On our receipt table (Table 4), we need to check the non-key fields (everything except transaction_id) to see if the values depend on other non-key fields. The values for transaction_date, transaction_time, and in_store_yn do not change either based on each other, or the customer or loyalty number associated, so they are properly dependent upon nothing but the key.
But what about customer info? The value of loyalty_num could change if the customer changed. For instance, if we needed to delete or update the customer who made the purchase, the loyalty number would also need to be deleted or updated along with it. So, loyalty_num is dependent on customer, which is a non-key field. This means our receipt table is not in 3NF.
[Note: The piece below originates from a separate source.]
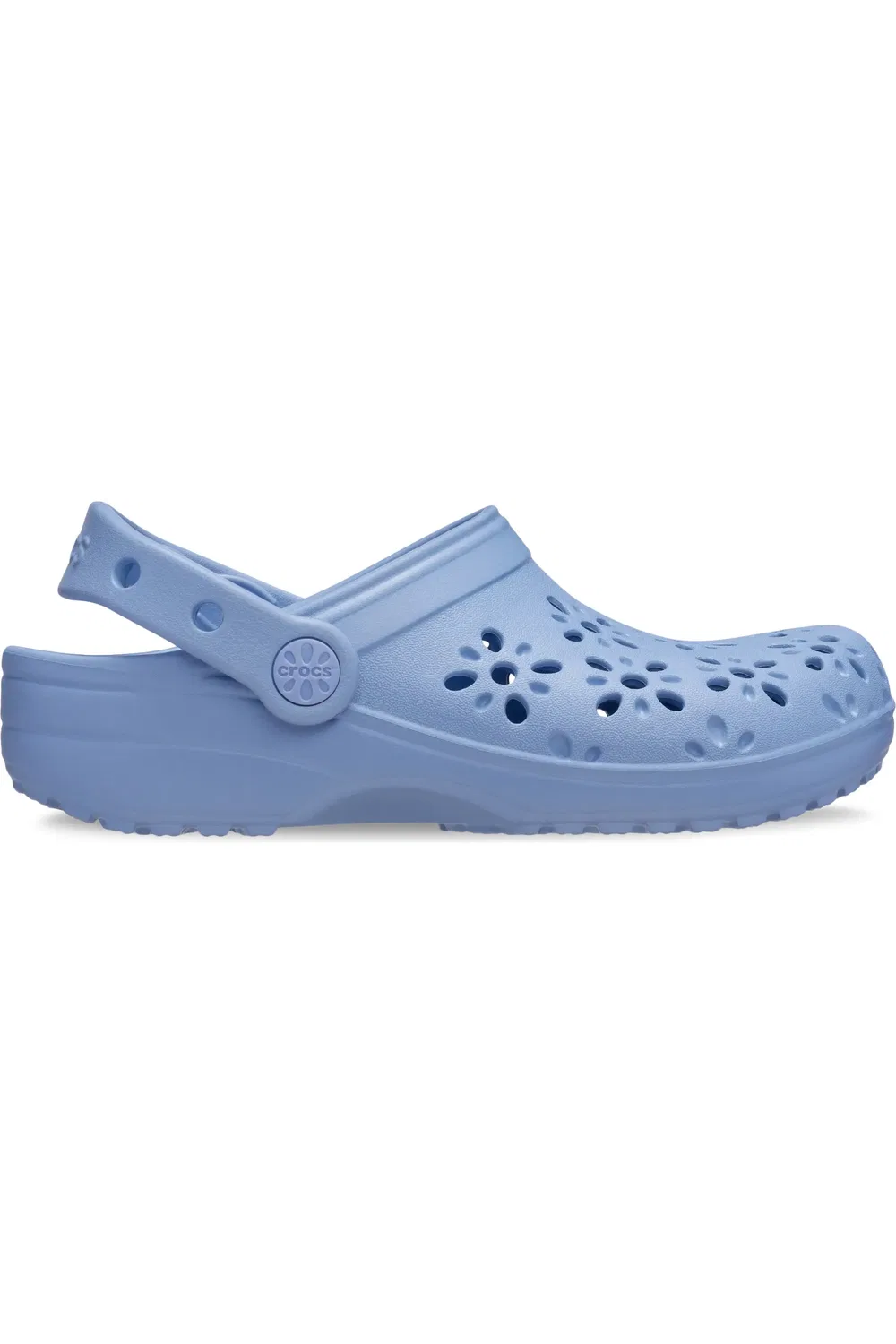 Детские сабо с цветочной лазерной перфорацией Classic CROCS, Blue Haze — фото 2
What about our receipt line-item table (Table 5)? Quantity, unit price and promo item values don’t vary based on the values of each other, nor on the product information because the three fields state the value of an item at the time of purchase. However, product is dependent on product_id, whose value is subject to change based on which product ID was referenced. So this table also needs some updates to comply with 3NF.
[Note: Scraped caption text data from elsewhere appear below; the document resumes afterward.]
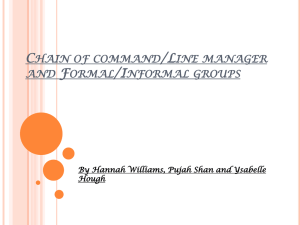 Chain of command
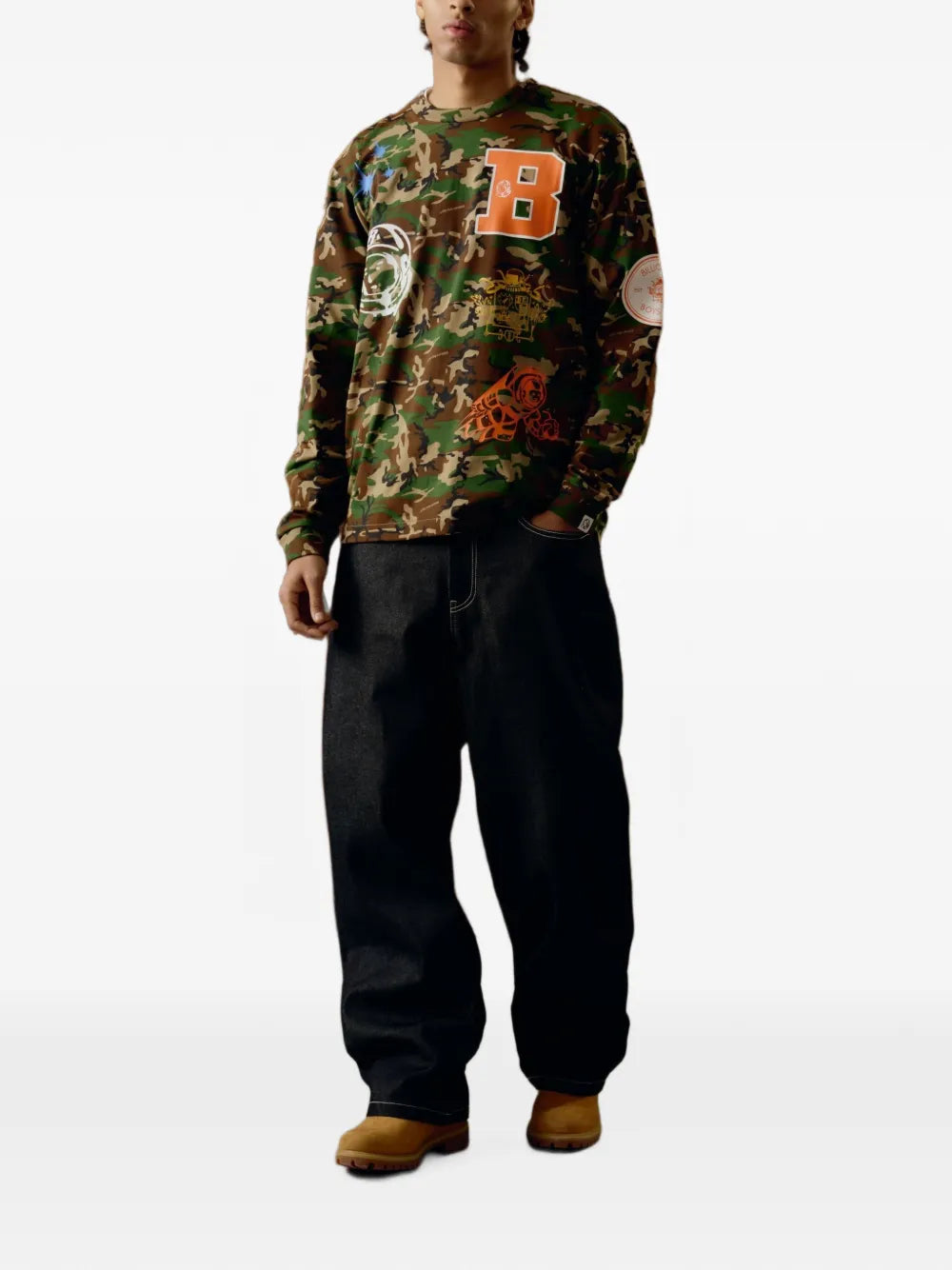 camouflage-print long-sleeve T-shirt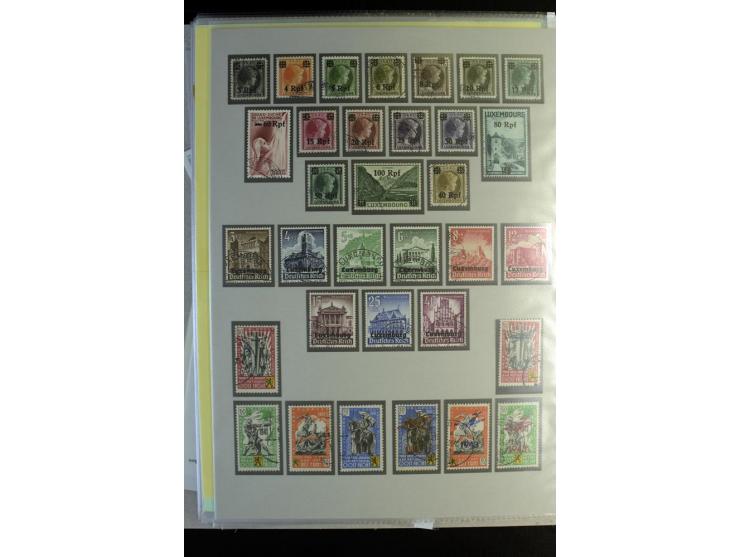 1939/44, schöne gestempelte Sammlung mit vielen besseren Werten, Albanien Mi.-Nr. 1-14 gestempelt, Odenpäh Mi.-Nr. 1A und 2AI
Again, the best method to solve these issues is to pull the related columns to separate tables (presented here as Tables 6, 7, 8, and 9) and leave a reference ID (foreign key) to link the original tables with the new ones. We eliminate data anomalies on insert, update and delete, as well as reduce data redundancy and improve efficiency for storage and querying.
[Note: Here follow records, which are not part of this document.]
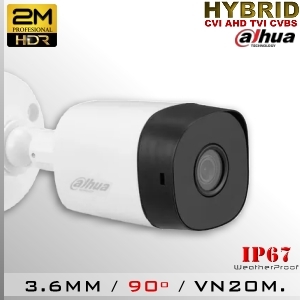 DH-HAC-B1A21N-360 - BoxCam Dahua Smart IR Profesional Sensor CMOS 1080p 2Mp Hibrida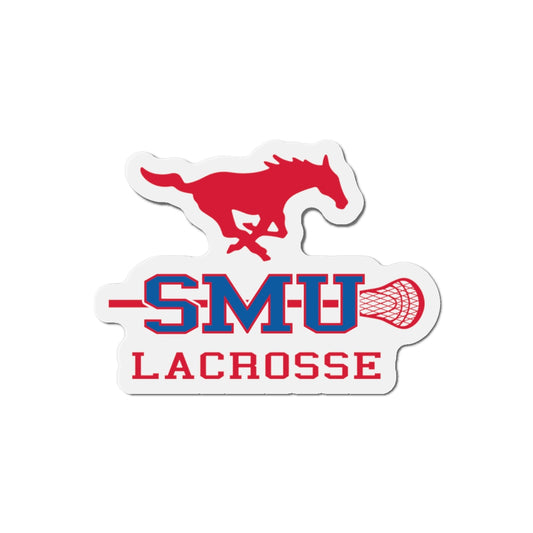 SMU Lacrosse Die-Cut Magnet
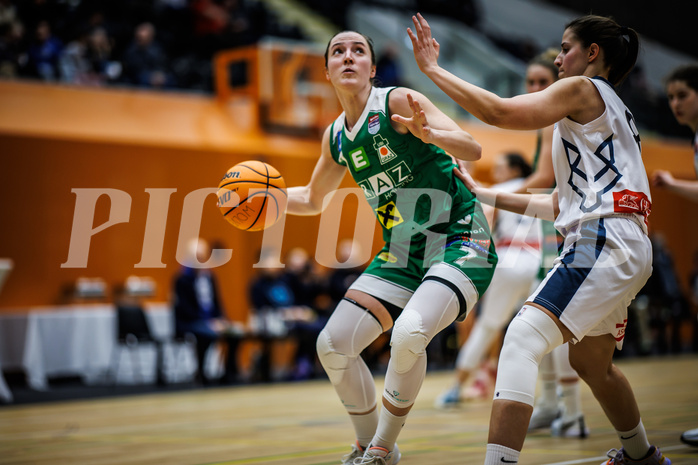 Basketball, Win2Day Basketball Damen Superliga 2023/24, Grunddurchgang 8.Runde, Vienna Timberwolves, UBI Graz, Simone Schwarzinger (7)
Table 6. Third normal form (3NF) receipt relationships table
Table 7. Third normal form (3NF) receipt line-item table
Table 8. Third normal form (3NF) product table
Table 9. Third normal form (3NF) customer identity table
Normalization Outside Relational Databases
It’s the same data we started out with, but in its 3NF form, it looks drastically different. Though the 3NF version will maintain better table integrity across refactoring operations over time, we have burned precious project hours to make ordinary, common-sense data operable in a relational environment.
In everyday life, a single receipt might have sections devoted to transaction info, customer details and purchased products. Back when we started this project, we might have drawn up a whiteboard version of such a receipt that would have mapped all these sections into the data schema. Yet we’ve just seen how data that an ordinary person might initially record in a single ledger becomes disassembled into four entities, each with keys representing dependencies between them.
In our earlier graph model based on the 1NF data in Table 2, we designed these same entities quite naturally, without any painstaking process steps. In the graph context, we eliminated the keys that represent dependencies, along with much of the data integrity concern, because relationships are a built-in component of the graph data model. We also cut primary key worries because we used business keys instead of primary keys generated solely for the purpose of ensuring unique rows.
This data normalization process example was for a small coffee shop. Imagine the enormous complications and effort involved for data related to guiding a self-driving automobile down a highway or planning response to a national/global crisis. Surely, we couldn’t entrust such a critical decision to a data model with time-intensive processes such as normalization. However, both legacy projects and new projects rely on relational database structures every day.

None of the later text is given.